In 2016, the Workforce Commission took over vocational rehabilitation services from the Department of Assistive and Rehabilitative Services. But voter registration services were not continued. Advocacy groups say that violated the 1993 National Voter Registration Act.

Keith Ingram is the Director of Elections for the Texas Secretary of State.“The workforce commission will be offering voter registration to all clients of that program in the near future and we will be working with them to get this program up and running as soon as possible.”

The Texas Civil Rights Project says the absence of voter registration services affected over 74,000 people with disabilities each year.

U.S. Senator Ted Cruz of Texas says he isn’t opposed to letting teachers carry a gun in the classroom. The Republican made the comments at the Conservative Political Action Conference on Thursday. There, President Trump’s recent proposal to arm teachers in the wake of last week’s school shooting in Florida came up.

Cruz said it should be up to the individual. “It makes perfect sense that if teachers want to exercise their right to keep and bear and arms that only makes schools safer,” said Cruz. He added,  “I don’t think you should make teachers do that but if a teacher is comfortable and wants to be prepared to defend himself or herself, that’s a good thing.

Cruz’s appearance came amid his reelection bid to hold onto his Senate seat. Early voting in the 2018 party primaries in Texas is currently underway.

A national charter school network with locations in several Texas cities has fired its cofounder after an investigation into several allegations of sexual misconduct. Mike Feinberg started KIPP when he was a teacher in Houston in the 1990s and grew it into a national force.

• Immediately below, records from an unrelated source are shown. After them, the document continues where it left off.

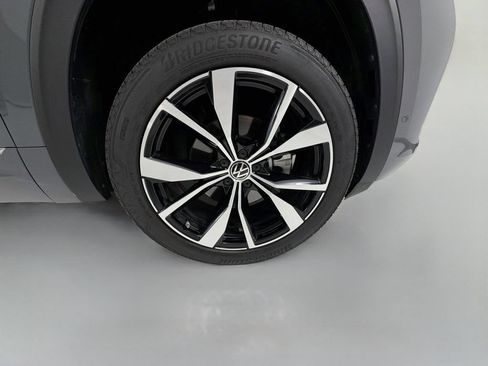Used 2026 Volkswagen Atlas SEL Premium R-Line AWD/4WD image 36
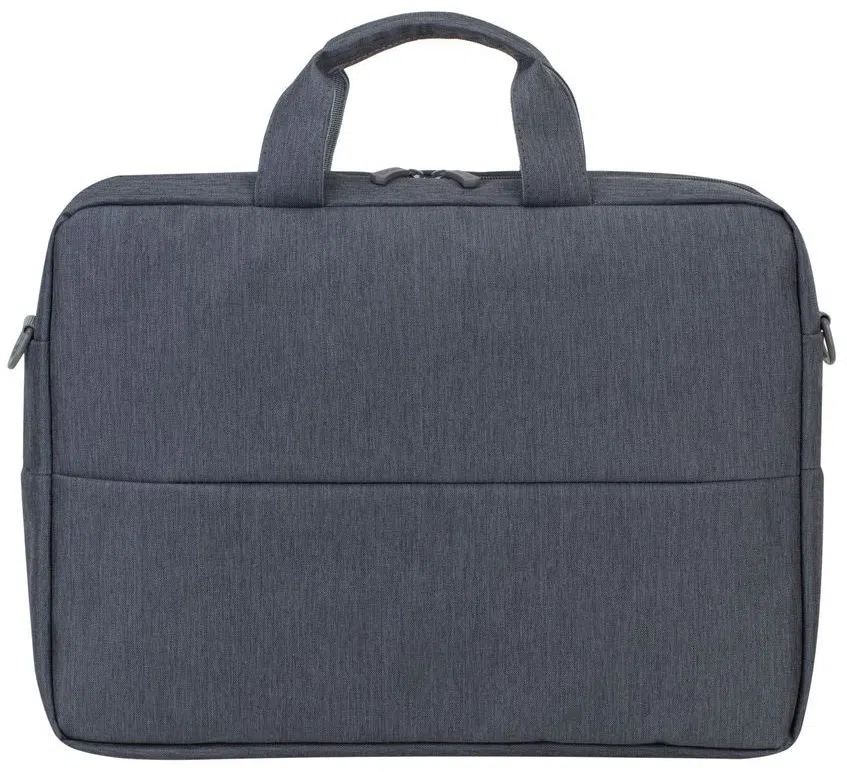 Geanta laptop Rivacase 7532 Dark Gray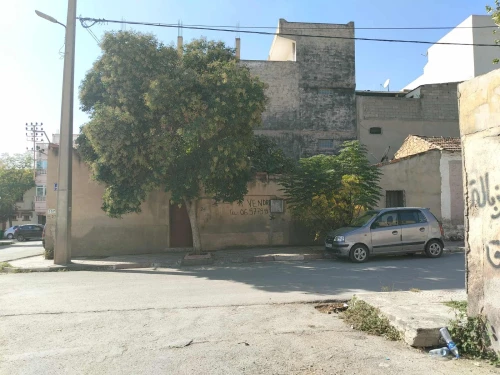 Vente bien immobilier Constantine El khroub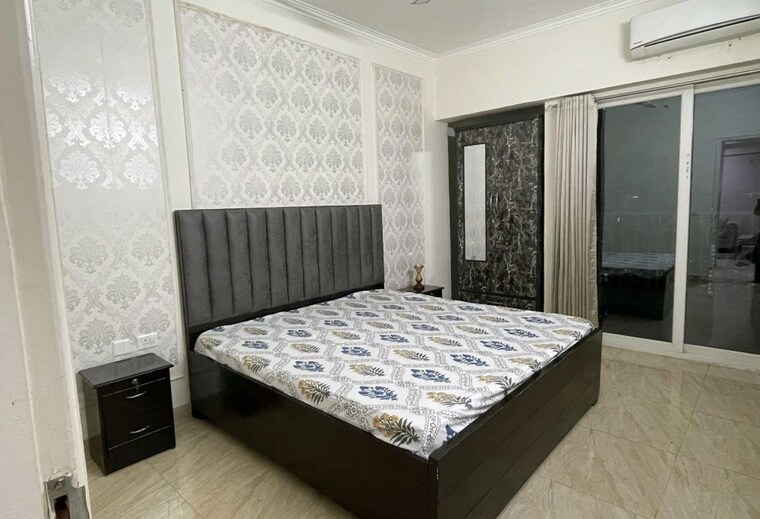 Bedroom, gaur-city-7th-avenue 2 Bedroom 1165 Sq.Ft. Apartment In Sector 4 Greater Noida Greater Noida 9923892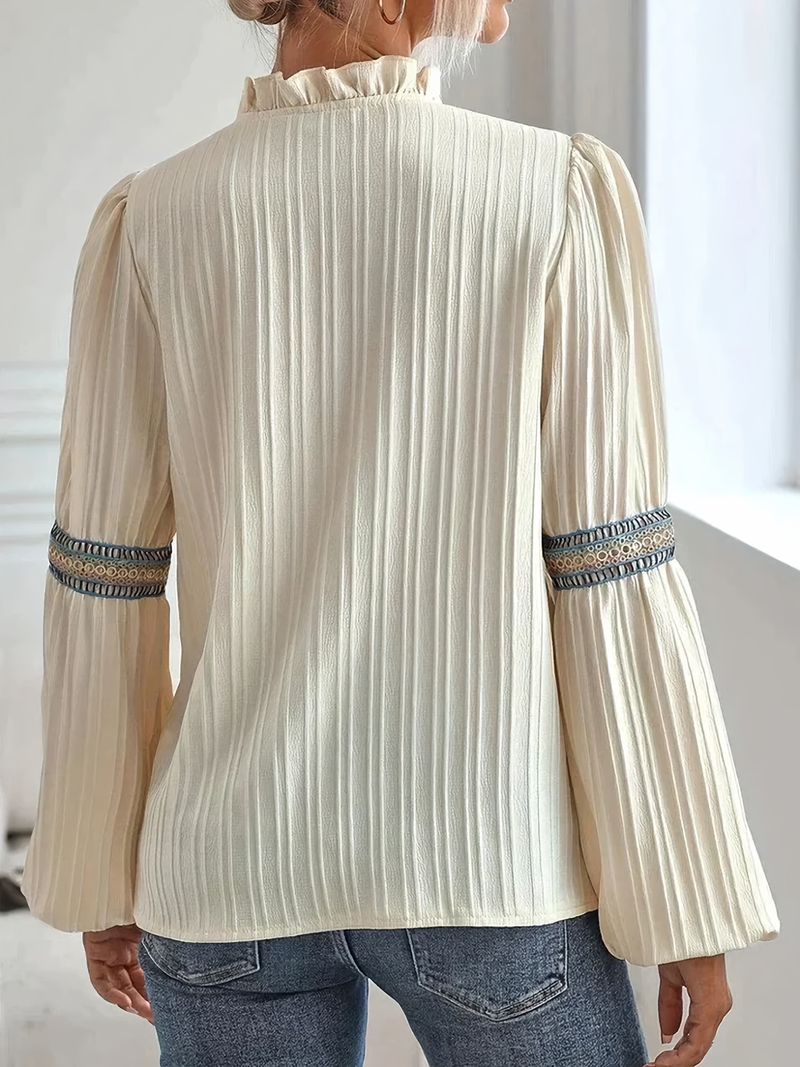 Beautifully Crafted Blouse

Laura Isensee with Houston Public Media describes one of the allegations:

In a letter posted online, the superintendent of KIPP Houston and the CEO of the network’s foundation explained why Feinberg was terminated Thursday from the organization he helped found and worked with for over 20 years. The letters says last spring they received an allegation that Feinberg had sexually abused a student in the late 1990s. That prompted KIPP to hire outside investigators who the schools say found it to be credible, though the letter says Feinberg denies any wrongdoing.”

Feinberg did not respond to Houston Public Media’s request for comment.